Subsequently, the machines 18, 20 are again hydraulically decoupled from one another in that the valve V1 is brought into the explained third switch state, whereby the hydrostatic machine 18 is short-circuited and the hydrostatic machine 20 is hydraulically blocked. To avoid warping of the mechanical components of the shift transmission 10, the switching of the valve V1 is accompanied by an active rotational speed reduction of the input shaft 12 until the input shaft 12 and the second transmission branch 28 have the same rotational speed. The driving torque is now transferred substantially completely by the second mechanical transmission branch 28 with the blocking of the pressure lines 54a, 54a′. The change from the first gear stage into the second gear stage is thus concluded.
Gear stage changes between other gear stages take place in an analog manner. A gear stage change from a higher gear stage into a lower gear stage takes place substantially in the reverse order.
The shift transmission 10 makes possible—as described above—a type of gear stage change which can be controlled simply, with the gear stage change also being able to take place under load. No substantial power losses occur during the gear stage change due to the pump/motor configuration of the hydrostatic machines 18, 20. The hydrostatic machines 18, 20 rather support the gear stage changes in an advantageous manner, whereby it can be designed particularly efficiently. In addition, it becomes clear from the above descriptions that friction clutches can be completely dispensed with. Only the constructionally simple valves V1 and V2 and the hydrostatic machines 18, 20 have to be controlled in a suitable manner.
The use of hydrostatic machines 18, 20 for the coupling of the input shaft 12 and of the mechanical transmission branches 26, 28 additionally enables a plurality of advantageous further developments.
As already noted above, the outflow line 58 has the valve V3. This is generally closed during the above-described procedures. In addition, a restrictor valve D which can be regulated by the transmission control unit 70 and a cooling device 74 are arranged in the outflow line 58. These components can be utilized, for example, on a start-up of the vehicle. In this respect, the driving torque should be transferred via the first gear stage so that the first transmission branch 26 is selected and the corresponding hydrostatic machine 18 is short-circuited. The second transmission branch 28 is not selected.

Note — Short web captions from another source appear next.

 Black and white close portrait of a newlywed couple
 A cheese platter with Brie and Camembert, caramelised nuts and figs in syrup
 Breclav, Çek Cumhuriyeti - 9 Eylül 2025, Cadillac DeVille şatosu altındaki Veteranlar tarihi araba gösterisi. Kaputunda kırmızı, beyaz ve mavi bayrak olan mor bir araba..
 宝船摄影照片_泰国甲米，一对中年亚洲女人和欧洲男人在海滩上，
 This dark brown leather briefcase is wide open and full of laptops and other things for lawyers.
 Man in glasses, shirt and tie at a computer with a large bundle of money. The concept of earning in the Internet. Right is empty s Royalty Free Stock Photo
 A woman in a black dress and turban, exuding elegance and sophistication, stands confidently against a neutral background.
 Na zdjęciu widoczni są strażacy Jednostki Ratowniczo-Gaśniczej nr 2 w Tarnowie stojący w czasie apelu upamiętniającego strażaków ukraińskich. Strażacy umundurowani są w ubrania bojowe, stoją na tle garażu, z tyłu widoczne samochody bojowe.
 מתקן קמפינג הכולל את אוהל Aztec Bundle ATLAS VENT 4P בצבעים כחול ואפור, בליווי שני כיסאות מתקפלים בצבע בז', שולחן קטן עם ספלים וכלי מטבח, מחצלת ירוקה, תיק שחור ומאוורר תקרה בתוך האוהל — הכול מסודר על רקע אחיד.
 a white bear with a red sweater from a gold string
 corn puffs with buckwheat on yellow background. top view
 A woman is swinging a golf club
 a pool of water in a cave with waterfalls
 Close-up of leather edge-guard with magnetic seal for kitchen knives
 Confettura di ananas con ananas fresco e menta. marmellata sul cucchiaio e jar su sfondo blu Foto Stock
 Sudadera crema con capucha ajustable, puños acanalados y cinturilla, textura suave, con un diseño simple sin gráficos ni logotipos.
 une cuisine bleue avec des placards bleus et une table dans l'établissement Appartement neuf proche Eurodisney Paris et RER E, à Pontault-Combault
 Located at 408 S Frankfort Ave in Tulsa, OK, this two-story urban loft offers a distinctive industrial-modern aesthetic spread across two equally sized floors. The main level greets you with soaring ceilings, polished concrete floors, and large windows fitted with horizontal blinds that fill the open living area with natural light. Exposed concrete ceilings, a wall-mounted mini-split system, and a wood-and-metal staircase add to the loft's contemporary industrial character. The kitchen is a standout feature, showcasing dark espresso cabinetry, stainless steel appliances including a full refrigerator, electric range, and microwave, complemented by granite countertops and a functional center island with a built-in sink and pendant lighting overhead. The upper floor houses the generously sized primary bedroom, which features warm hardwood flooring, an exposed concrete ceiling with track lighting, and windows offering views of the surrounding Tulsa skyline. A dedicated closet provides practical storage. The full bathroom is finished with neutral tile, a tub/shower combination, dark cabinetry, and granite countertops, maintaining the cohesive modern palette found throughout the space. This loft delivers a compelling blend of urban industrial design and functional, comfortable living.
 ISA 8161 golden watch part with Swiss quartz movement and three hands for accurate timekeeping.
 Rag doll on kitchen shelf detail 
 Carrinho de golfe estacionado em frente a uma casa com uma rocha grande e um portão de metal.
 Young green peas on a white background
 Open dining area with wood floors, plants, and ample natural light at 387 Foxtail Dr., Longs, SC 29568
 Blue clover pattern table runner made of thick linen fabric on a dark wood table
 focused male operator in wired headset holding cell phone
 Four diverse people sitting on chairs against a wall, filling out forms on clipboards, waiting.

In this situation, the input shaft 12—and thus the housing 16 of the hydrostatic machine 18—rotates very fast (rotational speed of the drive unit), while the selected transmission branch 26 does not show any rotation since the vehicle is stationary. A high speed of rotation difference between the housing 16 and the rotor 22 is thus present, which brings about a large conveying capacity of the hydraulically short-circuited machine 18 and results in an increased heat development there. In order gradually to increase the degree of coupling between the input shaft 12 and the selected transmission branch 26, the valve V3 is opened, with the regulable restrictor valve D being in an opened position. Expediently, the pressure lines 54, 54′ are additionally blocked (aforesaid first position of the valve V1).
The counter pressure against which the hydrostatic machine 18 has to work is increased by a gradual closing of the restrictor valve D. This counter-pressure acting against the pump capacity of the machine 18 has the result that the coupling of the rotor 22 with the housing 16 is creased. An increasing portion of the driving torque is therefore transferred to the first transmission branch 26 by the closing of the restrictor valve D and the vehicle starts up.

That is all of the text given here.